It's always more fun to DIY. Every week, we'll spare you a trip to the grocery store and show you how to make small batches of great foods at home.
Today: It's time to put down that store-bought jar. Lori Baltazar of Dessert Comes First shows us how to make a spread that's delectable every step of the way, from cookie to butter.
What can you eat with cookie butter? This question might better be rephrased: What can't you eat with it? I love it on pancakes, in milkshakes, and once, torn between penance and pleasure, I topped my morning oatmeal with it.
There’s nothing difficult about making your own cookie butter as long as you keep two things in mind: First, homemade cookie butter will never be as smooth as the the store-bought version -- factories use industrial grinders called ball mills to achieve ultra-fine grinding. Second, it takes some patience to wait for the mixture as it blends from crumbs to paste. The time involved all boils down to how powerful your food processor is. That considered, try your hand at this homemade cookie butter and feel free to tweak it to your liking, making it as spicy or sweet as you like.
Makes approximately 11 ounces
For the speculoos cookies:
3/4 cup all-purpose flour
3/4 cup graham cracker crumbs
1 pinch ground ginger
1 pinch allspice
1 pinch ground clove
1 pinch ground nutmeg
1/2 cup unsalted butter
1/3 cup brown sugar (light or dark is fine)
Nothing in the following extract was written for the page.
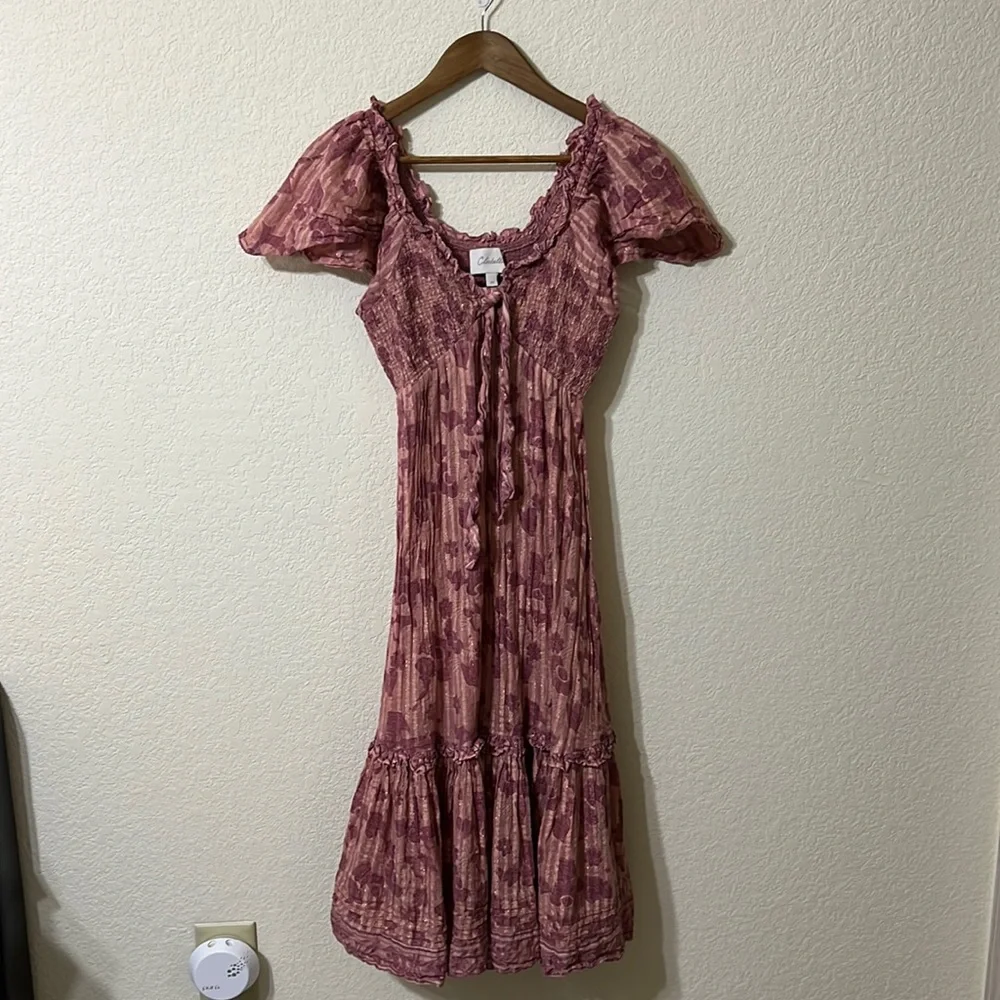 Cleobella | Ashlyn Batik Print Tie Front Midi Dress XS - Picture 2 of 7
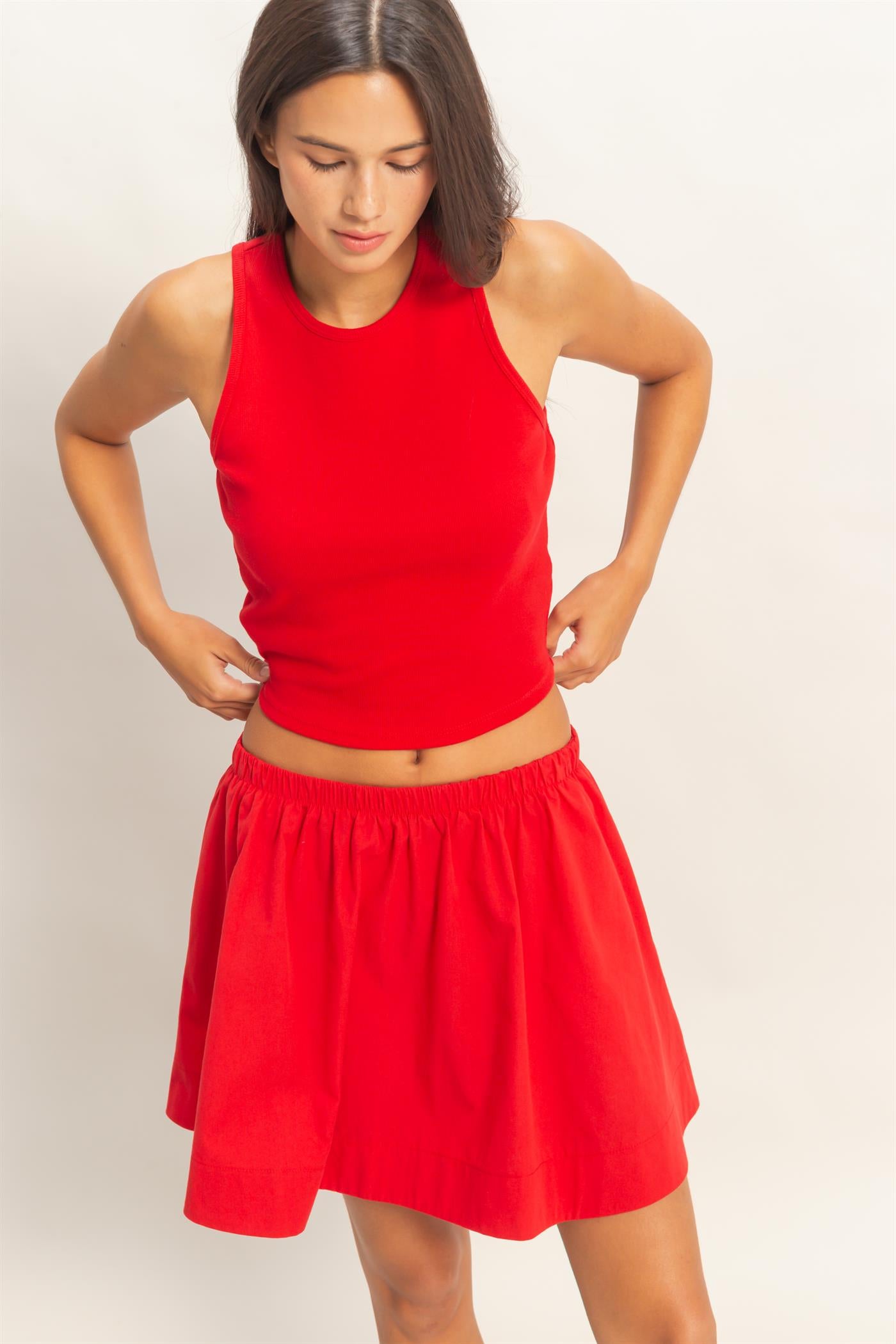 Wholesale Sleeveless Ribbed Top And Skirt Set Clothing DZ26C346-SET RED DOUBLE ZERO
1 1/2 tablespoons granulated sugar
1 1/2 tablespoons honey
For the cookie butter:
One batch homemade speculoos cookies
1/4 cup sifted confectioners' sugar (plus some if you want a sweeter cookie butter)
1 tablespoon granulated sugar
1 1/2 tablespoons nonfat dry milk powder
1 teaspoon cinnamon
1/8 teaspoon ground ginger
1/8 teaspoon ground cloves
1/8 teaspoon allspice
1/4 cup canola oil, or any neutral flavored oil, plus more if necessary
To make the speculoos cookies for the butter, preheat the oven to 350º F and line a baking sheet with parchment or baking paper and set aside. Whisk together the flour, graham cracker crumbs, and spices in a medium mixing bowl. Set aside while you cream the butter and brown sugar in the bowl of a stand mixer on medium-high speed for 2 to 3 minutes, or until ingredients are well-incorporated. Scrape down the bowl, then adjust the mixer to low, and add in half of the flour mixture. Mix only until incorporated, then add the granulated sugar and honey, and mix until they are combined.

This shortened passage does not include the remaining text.